◆ Recorded data ◆
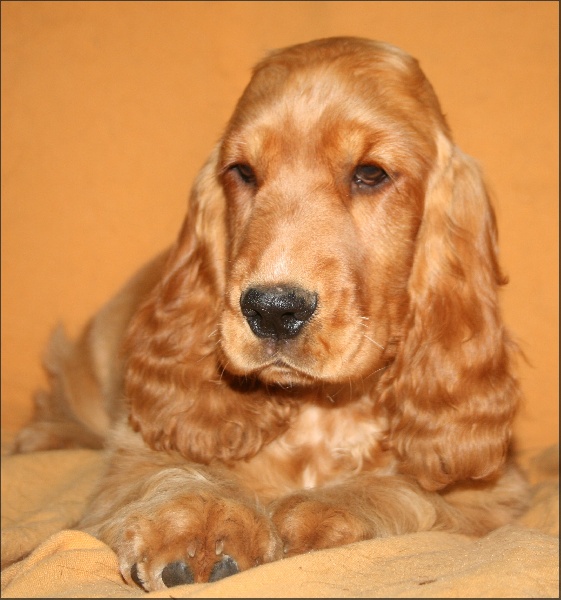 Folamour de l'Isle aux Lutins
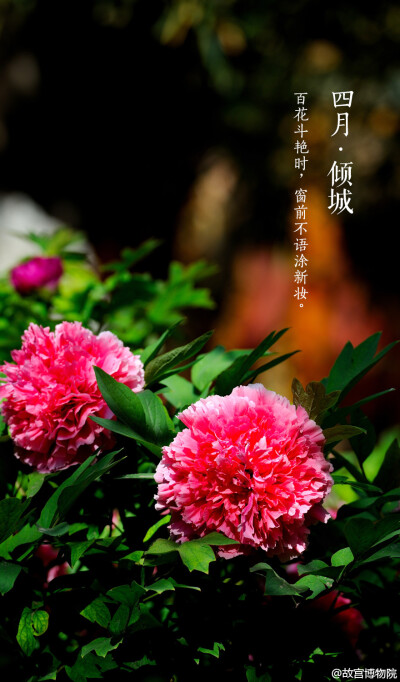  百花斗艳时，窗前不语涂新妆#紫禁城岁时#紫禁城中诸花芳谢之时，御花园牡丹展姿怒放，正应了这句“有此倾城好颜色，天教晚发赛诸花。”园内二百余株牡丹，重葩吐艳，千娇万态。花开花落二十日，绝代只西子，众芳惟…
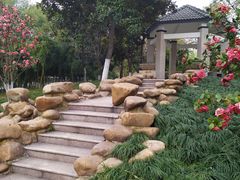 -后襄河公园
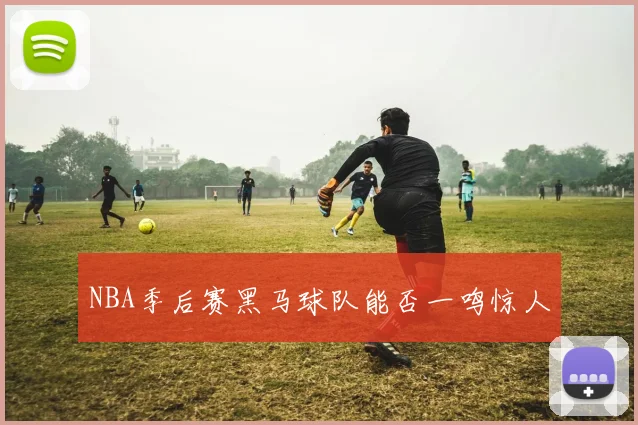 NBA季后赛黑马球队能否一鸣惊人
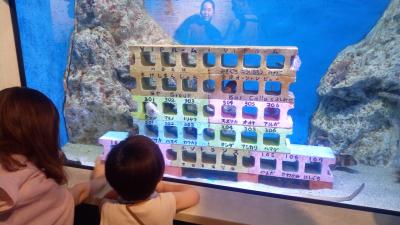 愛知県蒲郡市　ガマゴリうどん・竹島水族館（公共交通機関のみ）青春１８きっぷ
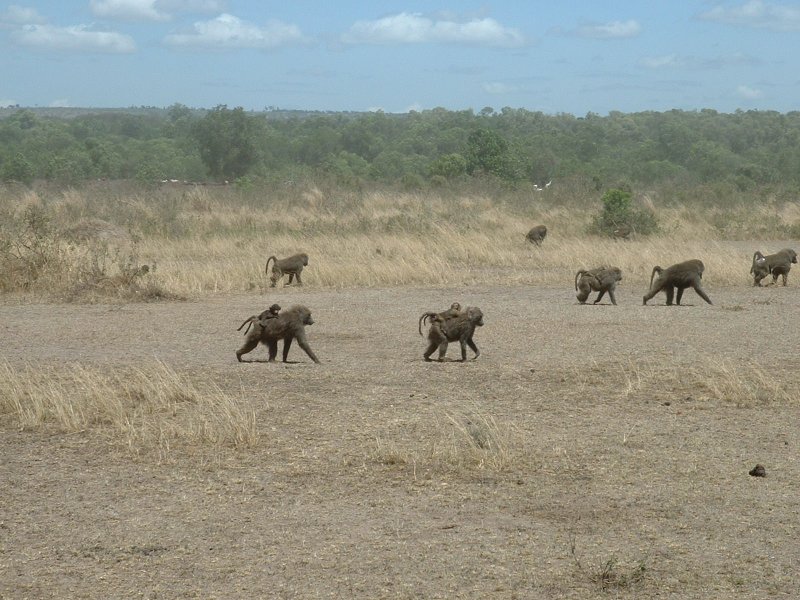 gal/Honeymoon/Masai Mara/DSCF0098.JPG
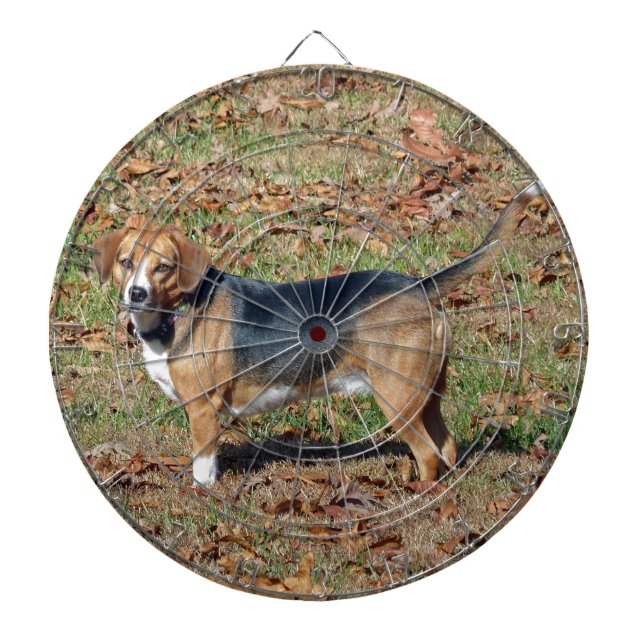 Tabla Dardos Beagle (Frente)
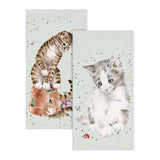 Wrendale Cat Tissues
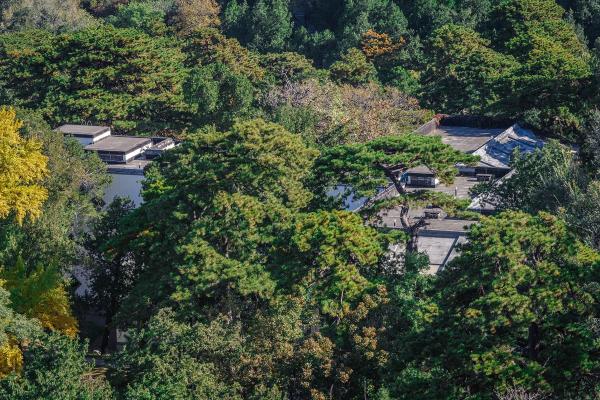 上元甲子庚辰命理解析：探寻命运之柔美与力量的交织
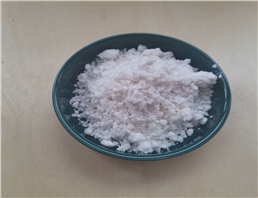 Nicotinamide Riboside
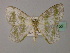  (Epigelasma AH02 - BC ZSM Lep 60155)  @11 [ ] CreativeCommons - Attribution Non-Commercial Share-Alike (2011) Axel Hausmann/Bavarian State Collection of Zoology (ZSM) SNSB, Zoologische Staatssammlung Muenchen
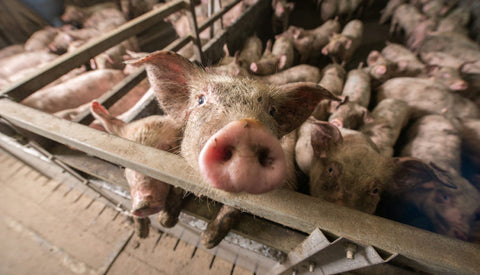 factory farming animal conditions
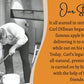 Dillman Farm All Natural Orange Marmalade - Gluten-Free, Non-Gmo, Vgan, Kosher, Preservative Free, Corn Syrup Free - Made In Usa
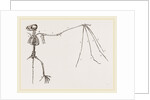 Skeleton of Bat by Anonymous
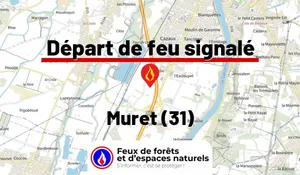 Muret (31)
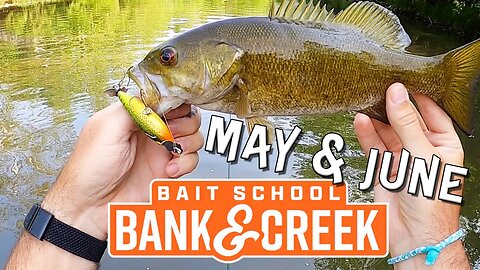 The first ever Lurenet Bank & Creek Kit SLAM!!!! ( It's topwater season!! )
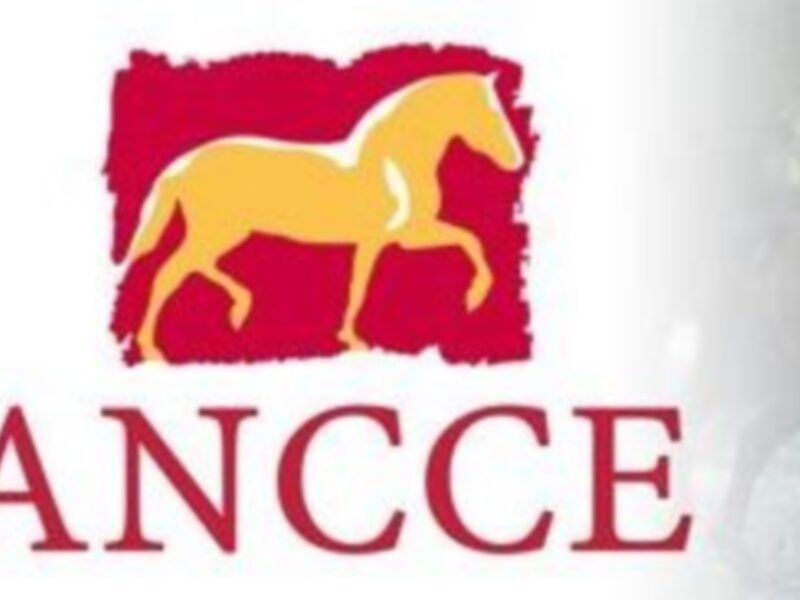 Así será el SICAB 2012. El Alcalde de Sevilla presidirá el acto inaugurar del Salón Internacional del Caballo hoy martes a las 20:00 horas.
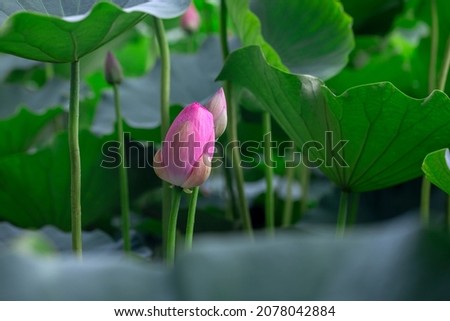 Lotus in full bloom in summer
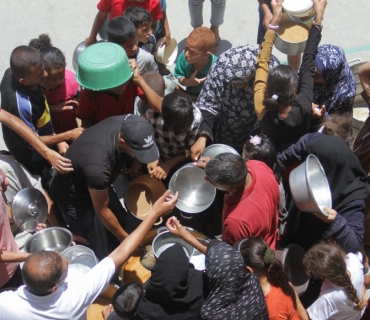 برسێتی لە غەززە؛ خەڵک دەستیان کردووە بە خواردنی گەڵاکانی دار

...

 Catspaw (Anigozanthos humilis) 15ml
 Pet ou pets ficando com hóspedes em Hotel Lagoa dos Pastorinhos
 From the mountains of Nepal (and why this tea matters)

◆ Brief ◆
Restate word for word the lines of the data above that begin at the line with "factory farming animal conditions" and end at the line with "برسێتی لە غەززە؛", keeping both ends and dropping every picture.

◆ Answer box ◆
 factory farming animal conditions
 Dillman Farm All Natural Orange Marmalade - Gluten-Free, Non-Gmo, Vgan, Kosher, Preservative Free, Corn Syrup Free - Made In Usa
 Skeleton of Bat by Anonymous
 Muret (31)
 The first ever Lurenet Bank & Creek Kit SLAM!!!! ( It's topwater season!! )
 Así será el SICAB 2012. El Alcalde de Sevilla presidirá el acto inaugurar del Salón Internacional del Caballo hoy martes a las 20:00 horas.
 Lotus in full bloom in summer
 برسێتی لە غەززە؛ خەڵک دەستیان کردووە بە خواردنی گەڵاکانی دار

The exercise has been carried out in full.